→ **REQUIREMENT**:
Please restate each line of the data below exactly. Omit all images.

→ **DATA BLOCK**:
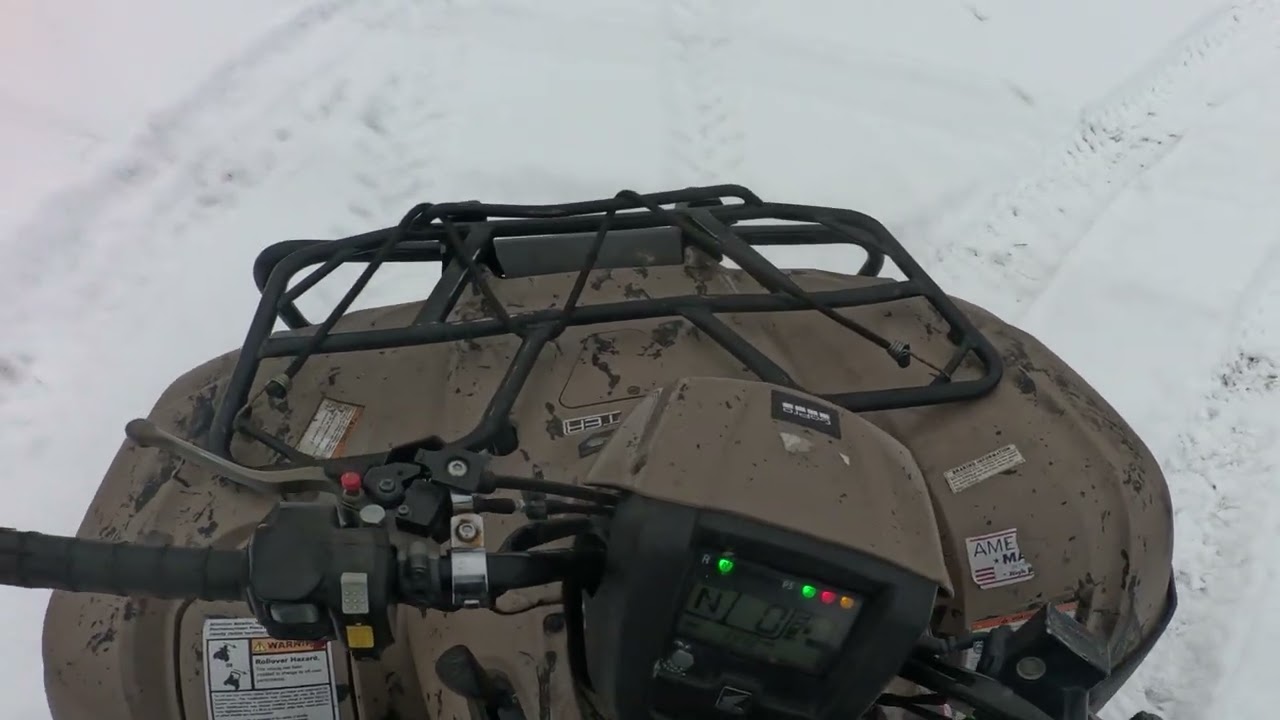 Riding around Birch Creek, Alaska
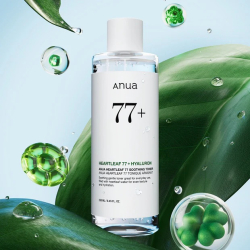 Заспокійливий тонер для чутливої, проблемної шкіри Anua Heartleaf 77 Soothing Toner фото 4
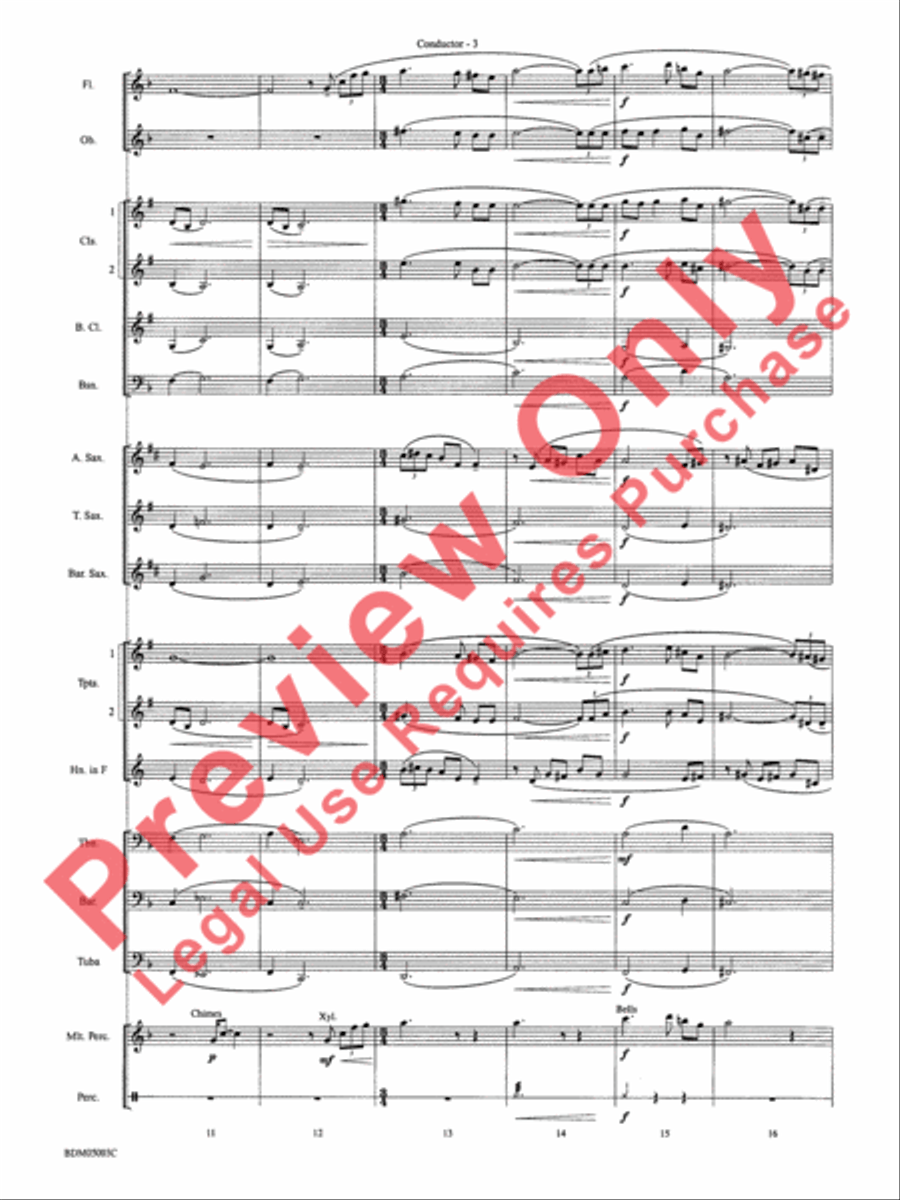 Contemplation Contemplation Concert Band scores gallery preview page 5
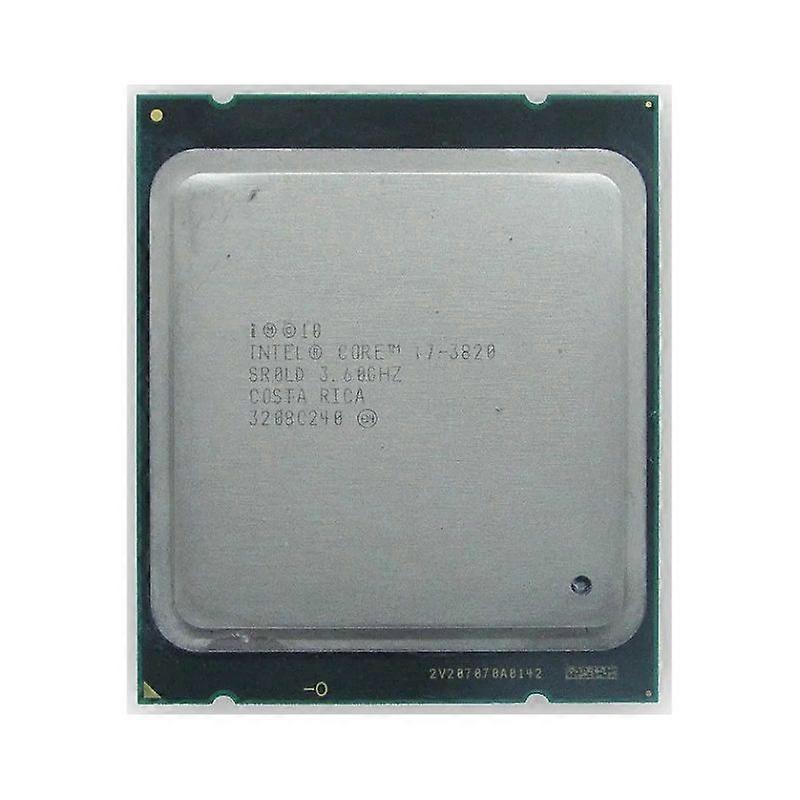 Core i7-3820 CPU - Socket LGA 2011 4 Cores 8 Threads 3.6GHz 10MB L3 Cache 130W.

→ **TASK RESPONSE**:
 Riding around Birch Creek, Alaska
 Заспокійливий тонер для чутливої, проблемної шкіри Anua Heartleaf 77 Soothing Toner фото 4
 Contemplation Contemplation Concert Band scores gallery preview page 5
 Core i7-3820 CPU - Socket LGA 2011 4 Cores 8 Threads 3.6GHz 10MB L3 Cache 130W.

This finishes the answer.